01:23 Bill’s background in data and data warehousing
02:30 The complexities of using text in data
07:50 How language can be improved to help support things such as research
12:13 The challenges of using text in data
16:04 What kind of structure is needed to help sort language into data
21:54 The progress of leveraging data from text
26:20 Use cases where data has been successfully pulled from mass amounts of documents and text
30:16 The impact of social media using Nike as a case study
38:10 The future of text in data
There are many complexities in language, with each different language offering its own set of rules. As a human race, we often take for granted all the nuances that come with language that AI and technology is trying to catch up with.
When working with text data, it is important to understand the rules of language need to be specifically dictated in order to effectively process and analyse it. This includes understanding grammar, punctuation, sentence structure, and vocabulary. Additionally, it is important to be aware of cultural context and idiomatic expressions, as these can greatly impact the meaning of the text.
Machine learning models can also be used to analyse language data, with many people trying to find the ‘magic algorithm.’ But it is important to understand the limitations of these models. For example, they may have difficulty understanding sarcasm or idiomatic expressions.
The rise of Artifical Intelligence based language models such as ChatGPT, Siri, Alexa and other advanced language models, has greatly improved the ability of machines to understand and process natural language. However, even with these advancements, it is important to remember that there are still limitations and challenges when it comes to language understanding. It is essential to continuously evaluate and improve the models to increase their accuracy and ability to understand the nuances of language. Additionally, it is important to consider the ethical implications of using these models, such as potential biases and the possibility of misuse.
In order to understand anything you need context. When you look at numbers, usually the context is quite straightforward. But when you read text, 90% of the intellectual battle is with context, not text.
There is no magic algorithm that can help provide context to text. This is because there are limitations in the capability of machines to understand the nuances and subtleties of human language. The best way to understand context is through human interpretation but this is extremely time-consuming. Instead, data scientists rely on a network of different algorithms to try and help analyse and distil large amounts of language data while trying to keep the meaning of the text intact.

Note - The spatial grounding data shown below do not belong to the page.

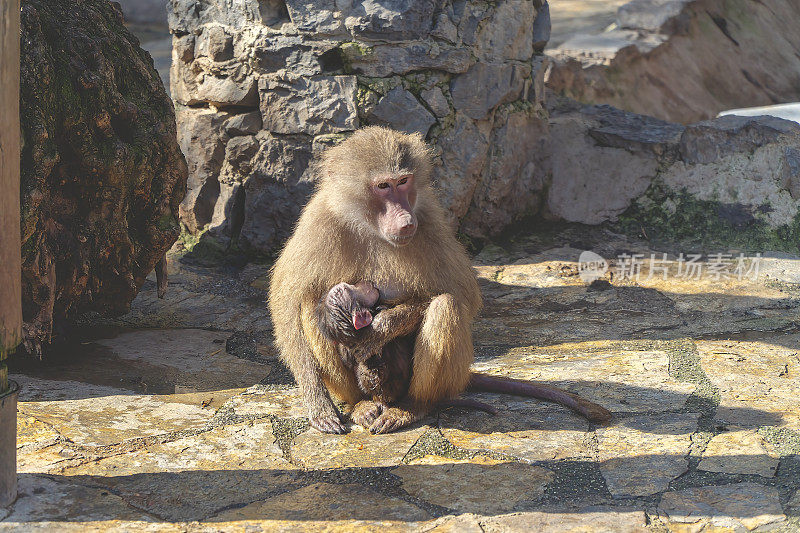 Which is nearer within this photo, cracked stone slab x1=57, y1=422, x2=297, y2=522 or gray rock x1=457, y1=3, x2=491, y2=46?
cracked stone slab x1=57, y1=422, x2=297, y2=522

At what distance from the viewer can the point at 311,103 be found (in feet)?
18.1

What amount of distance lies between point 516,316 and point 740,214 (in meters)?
2.29

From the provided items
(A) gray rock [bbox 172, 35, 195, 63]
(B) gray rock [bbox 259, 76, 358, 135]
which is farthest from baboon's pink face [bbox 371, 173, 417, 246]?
(A) gray rock [bbox 172, 35, 195, 63]

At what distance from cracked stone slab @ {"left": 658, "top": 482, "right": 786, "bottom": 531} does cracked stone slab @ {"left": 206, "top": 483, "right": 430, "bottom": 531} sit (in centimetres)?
87

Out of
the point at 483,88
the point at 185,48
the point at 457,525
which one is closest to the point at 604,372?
the point at 457,525

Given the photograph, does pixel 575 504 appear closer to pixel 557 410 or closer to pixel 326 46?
pixel 557 410

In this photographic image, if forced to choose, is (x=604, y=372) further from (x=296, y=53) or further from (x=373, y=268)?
(x=296, y=53)

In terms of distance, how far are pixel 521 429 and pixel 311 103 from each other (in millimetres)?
2893

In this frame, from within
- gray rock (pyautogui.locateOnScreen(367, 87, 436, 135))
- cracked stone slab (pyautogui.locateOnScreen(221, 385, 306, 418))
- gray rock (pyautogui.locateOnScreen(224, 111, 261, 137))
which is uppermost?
gray rock (pyautogui.locateOnScreen(367, 87, 436, 135))

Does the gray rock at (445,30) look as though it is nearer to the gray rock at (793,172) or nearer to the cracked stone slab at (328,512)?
the gray rock at (793,172)

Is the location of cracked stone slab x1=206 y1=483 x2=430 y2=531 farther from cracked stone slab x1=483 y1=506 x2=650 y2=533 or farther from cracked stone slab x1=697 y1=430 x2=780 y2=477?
cracked stone slab x1=697 y1=430 x2=780 y2=477

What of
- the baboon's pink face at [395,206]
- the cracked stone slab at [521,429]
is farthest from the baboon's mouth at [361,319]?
the cracked stone slab at [521,429]

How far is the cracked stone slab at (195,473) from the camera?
2.91 meters

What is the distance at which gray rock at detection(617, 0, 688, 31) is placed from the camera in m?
8.87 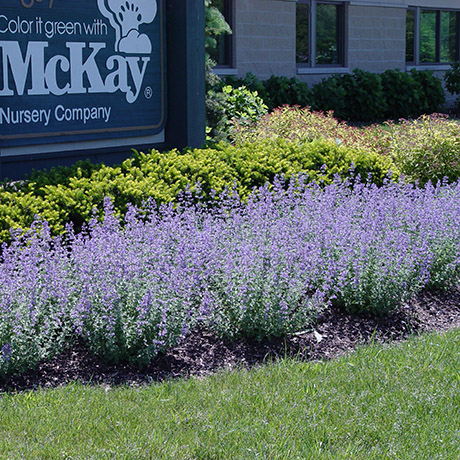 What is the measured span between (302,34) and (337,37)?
1.64 meters

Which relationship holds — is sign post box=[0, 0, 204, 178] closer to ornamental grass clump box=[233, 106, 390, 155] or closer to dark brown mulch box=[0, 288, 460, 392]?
ornamental grass clump box=[233, 106, 390, 155]

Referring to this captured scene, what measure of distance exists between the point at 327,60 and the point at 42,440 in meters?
18.4

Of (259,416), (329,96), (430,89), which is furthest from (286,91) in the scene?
(259,416)

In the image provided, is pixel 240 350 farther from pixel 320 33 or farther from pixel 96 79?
pixel 320 33

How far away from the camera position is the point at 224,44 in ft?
58.3

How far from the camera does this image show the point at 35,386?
4.70m

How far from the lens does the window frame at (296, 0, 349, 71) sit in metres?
20.1

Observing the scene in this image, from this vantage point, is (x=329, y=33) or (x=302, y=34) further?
(x=329, y=33)

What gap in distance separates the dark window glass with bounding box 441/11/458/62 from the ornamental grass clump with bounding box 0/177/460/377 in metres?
20.2

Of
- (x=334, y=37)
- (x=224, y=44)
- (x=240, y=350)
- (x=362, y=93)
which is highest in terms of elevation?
(x=334, y=37)

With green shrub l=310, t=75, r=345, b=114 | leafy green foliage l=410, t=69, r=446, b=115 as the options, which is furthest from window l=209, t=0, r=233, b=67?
leafy green foliage l=410, t=69, r=446, b=115

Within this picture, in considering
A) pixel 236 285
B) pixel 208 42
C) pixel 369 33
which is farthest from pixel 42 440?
pixel 369 33

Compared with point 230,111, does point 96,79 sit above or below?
above

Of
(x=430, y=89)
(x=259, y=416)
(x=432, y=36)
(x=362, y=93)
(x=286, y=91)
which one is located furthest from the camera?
(x=432, y=36)
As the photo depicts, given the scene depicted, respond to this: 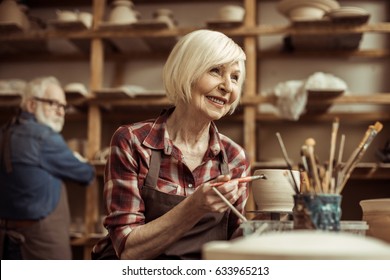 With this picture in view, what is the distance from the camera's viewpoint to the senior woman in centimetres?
153

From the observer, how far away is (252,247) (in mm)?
686

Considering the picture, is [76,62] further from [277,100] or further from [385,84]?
[385,84]

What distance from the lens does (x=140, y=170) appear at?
1.64m

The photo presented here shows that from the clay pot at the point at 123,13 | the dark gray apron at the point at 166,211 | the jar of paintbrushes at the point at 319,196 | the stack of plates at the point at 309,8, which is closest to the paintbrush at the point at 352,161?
the jar of paintbrushes at the point at 319,196

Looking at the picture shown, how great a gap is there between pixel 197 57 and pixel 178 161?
30cm

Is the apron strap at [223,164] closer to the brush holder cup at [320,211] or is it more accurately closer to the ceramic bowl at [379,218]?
the ceramic bowl at [379,218]

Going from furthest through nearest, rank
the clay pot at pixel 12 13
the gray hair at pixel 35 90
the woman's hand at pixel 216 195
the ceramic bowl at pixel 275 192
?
the clay pot at pixel 12 13 → the gray hair at pixel 35 90 → the ceramic bowl at pixel 275 192 → the woman's hand at pixel 216 195

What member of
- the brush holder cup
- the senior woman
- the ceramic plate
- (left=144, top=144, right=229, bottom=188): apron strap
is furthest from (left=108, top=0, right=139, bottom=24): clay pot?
the brush holder cup

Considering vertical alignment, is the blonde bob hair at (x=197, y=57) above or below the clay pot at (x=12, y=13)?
below

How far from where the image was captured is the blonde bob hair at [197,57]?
167cm

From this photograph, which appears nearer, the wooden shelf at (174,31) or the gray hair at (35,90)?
the gray hair at (35,90)

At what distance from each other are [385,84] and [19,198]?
2514 millimetres

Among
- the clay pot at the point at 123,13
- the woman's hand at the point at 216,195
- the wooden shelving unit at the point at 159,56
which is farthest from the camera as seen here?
the clay pot at the point at 123,13

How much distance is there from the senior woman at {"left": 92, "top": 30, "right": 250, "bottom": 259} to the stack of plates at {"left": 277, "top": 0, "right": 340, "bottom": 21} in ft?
6.74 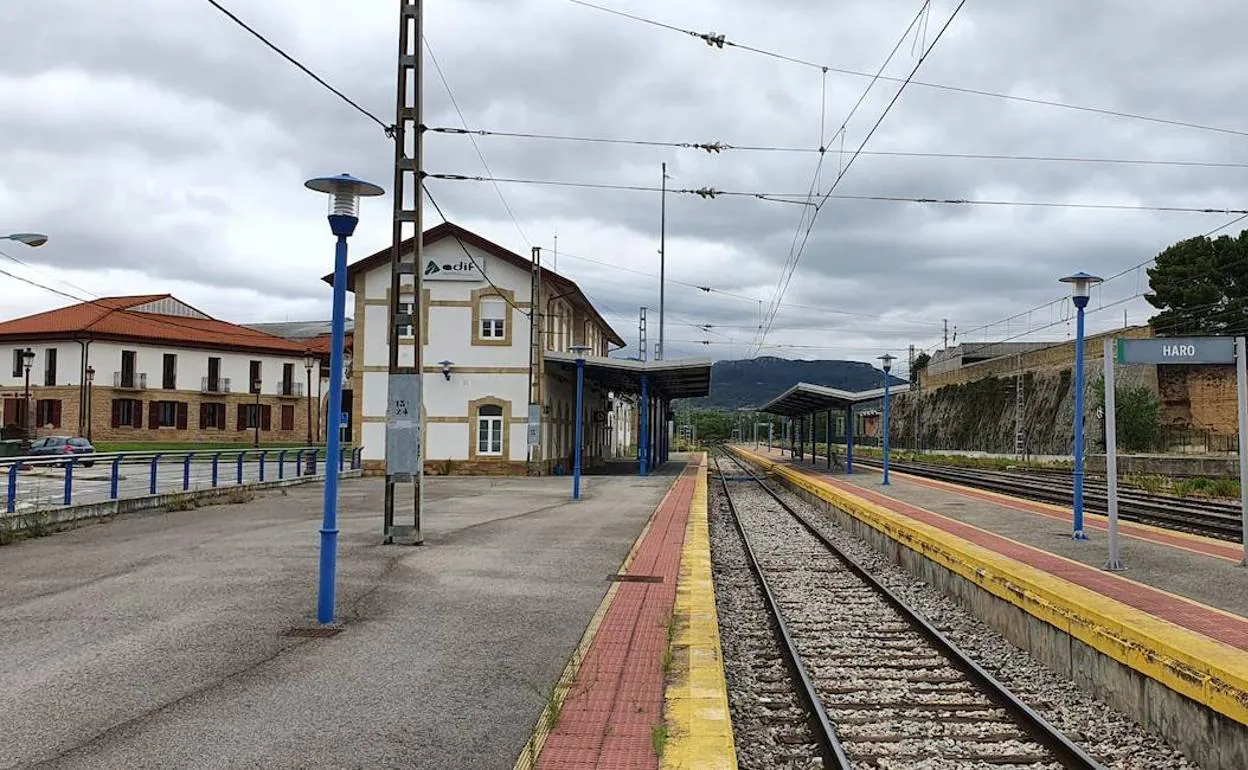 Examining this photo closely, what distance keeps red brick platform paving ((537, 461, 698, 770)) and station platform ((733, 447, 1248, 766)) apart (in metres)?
3.12

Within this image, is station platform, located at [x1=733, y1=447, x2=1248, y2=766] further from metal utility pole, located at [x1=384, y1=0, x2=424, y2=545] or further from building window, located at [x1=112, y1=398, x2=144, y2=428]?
building window, located at [x1=112, y1=398, x2=144, y2=428]

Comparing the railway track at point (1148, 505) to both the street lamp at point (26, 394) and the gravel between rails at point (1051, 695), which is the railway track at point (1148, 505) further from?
the street lamp at point (26, 394)

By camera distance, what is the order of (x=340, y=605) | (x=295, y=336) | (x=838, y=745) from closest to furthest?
(x=838, y=745)
(x=340, y=605)
(x=295, y=336)

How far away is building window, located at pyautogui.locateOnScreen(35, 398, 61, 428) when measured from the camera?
5266 cm

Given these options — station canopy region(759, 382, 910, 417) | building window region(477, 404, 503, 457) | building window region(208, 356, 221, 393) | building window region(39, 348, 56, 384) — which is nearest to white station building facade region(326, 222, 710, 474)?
building window region(477, 404, 503, 457)

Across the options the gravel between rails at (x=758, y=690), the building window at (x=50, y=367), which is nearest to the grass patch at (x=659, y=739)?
the gravel between rails at (x=758, y=690)

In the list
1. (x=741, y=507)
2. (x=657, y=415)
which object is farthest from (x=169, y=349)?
(x=741, y=507)

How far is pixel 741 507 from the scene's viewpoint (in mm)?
25266

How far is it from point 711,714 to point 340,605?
4343 millimetres

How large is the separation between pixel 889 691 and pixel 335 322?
4981 mm

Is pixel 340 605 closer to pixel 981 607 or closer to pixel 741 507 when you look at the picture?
pixel 981 607

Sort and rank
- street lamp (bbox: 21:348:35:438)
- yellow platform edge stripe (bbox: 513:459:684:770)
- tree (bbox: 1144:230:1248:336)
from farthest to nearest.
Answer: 1. tree (bbox: 1144:230:1248:336)
2. street lamp (bbox: 21:348:35:438)
3. yellow platform edge stripe (bbox: 513:459:684:770)

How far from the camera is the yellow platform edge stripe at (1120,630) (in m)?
5.50

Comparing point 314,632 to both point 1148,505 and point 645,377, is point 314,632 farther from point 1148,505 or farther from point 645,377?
point 645,377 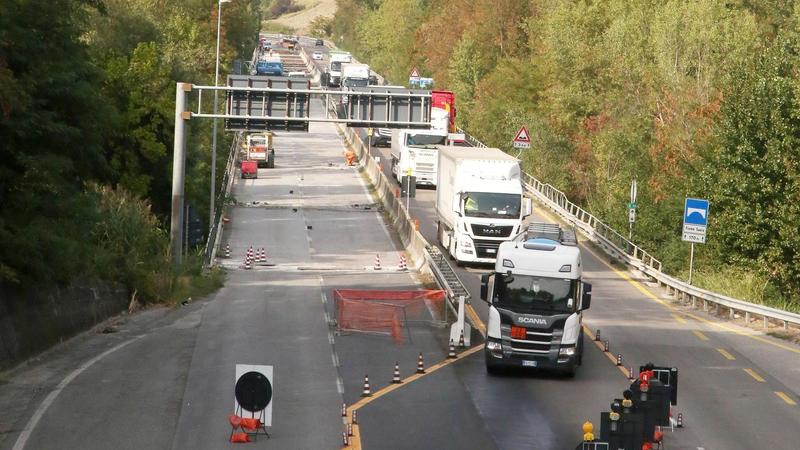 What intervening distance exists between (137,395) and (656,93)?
164ft

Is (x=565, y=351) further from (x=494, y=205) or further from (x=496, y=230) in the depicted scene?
(x=494, y=205)

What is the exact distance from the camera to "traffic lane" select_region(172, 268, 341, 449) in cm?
2278

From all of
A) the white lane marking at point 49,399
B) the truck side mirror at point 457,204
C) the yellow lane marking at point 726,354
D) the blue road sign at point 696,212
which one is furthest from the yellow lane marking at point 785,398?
the truck side mirror at point 457,204

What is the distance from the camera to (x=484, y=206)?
4581cm

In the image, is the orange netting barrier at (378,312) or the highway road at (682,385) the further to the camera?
the orange netting barrier at (378,312)

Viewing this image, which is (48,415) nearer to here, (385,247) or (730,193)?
(730,193)

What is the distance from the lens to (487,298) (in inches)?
1117

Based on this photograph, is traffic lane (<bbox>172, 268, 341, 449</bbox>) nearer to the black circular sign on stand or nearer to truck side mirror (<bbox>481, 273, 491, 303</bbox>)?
the black circular sign on stand

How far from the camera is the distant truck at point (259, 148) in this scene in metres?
83.6

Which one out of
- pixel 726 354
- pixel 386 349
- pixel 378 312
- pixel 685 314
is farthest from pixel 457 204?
pixel 726 354

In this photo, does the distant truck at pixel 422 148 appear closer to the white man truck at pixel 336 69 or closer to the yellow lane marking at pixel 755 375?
the yellow lane marking at pixel 755 375

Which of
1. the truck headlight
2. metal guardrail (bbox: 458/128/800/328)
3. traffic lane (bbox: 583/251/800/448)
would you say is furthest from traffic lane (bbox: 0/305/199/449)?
metal guardrail (bbox: 458/128/800/328)

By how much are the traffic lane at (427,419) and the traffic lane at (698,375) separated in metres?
3.62

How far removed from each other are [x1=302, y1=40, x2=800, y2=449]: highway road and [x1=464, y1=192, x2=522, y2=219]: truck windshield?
18.3 feet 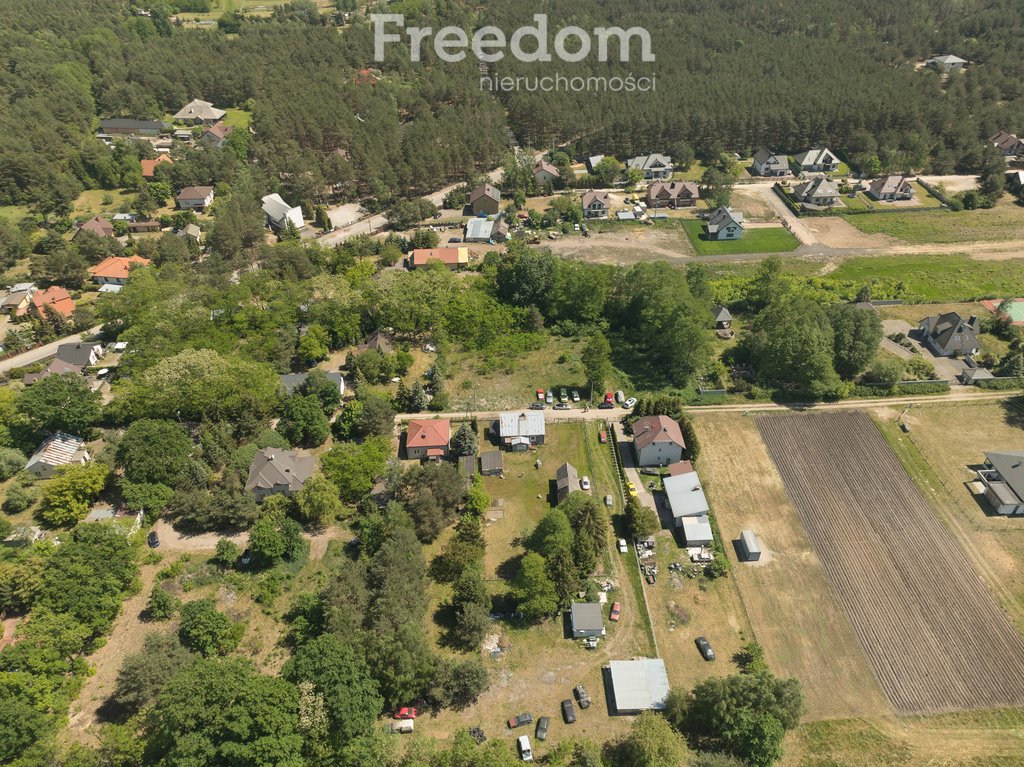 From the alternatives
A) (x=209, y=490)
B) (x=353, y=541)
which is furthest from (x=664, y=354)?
(x=209, y=490)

It is one thing to study text and understand the intricacies of language, but it is another thing entirely to be able to effectively utilise this information for commercial or research purposes. In order to do so, it is important to have a deep understanding of the context in which the text is written, including cultural and social factors, as well as the intent and tone of the text.
Large corporations often have vast amounts of language data in the form of documents, and one of their main challenges is being able to quickly and easily find the information they need. They often use cataloguing and organisation methods based on general topics, but this may not fully capture the nuances of the text.
On the other hand, social media presents a unique set of challenges and opportunities when it comes to using language data. Users on social media frequently use sarcasm, jokes, and bend the rules of language, making it difficult for machines to fully understand the meaning of the text. However, social media has also broken down barriers and has given people the ability to share their thoughts and opinions on products and services in real time, which can provide valuable insights for businesses.
Language is an extremely tricky thing to distil down into simple data. However, having an appreciation for its complexities can help us better leverage data and create models that will enable people to quickly gather large chunks of text and transform it into something that is more accessible.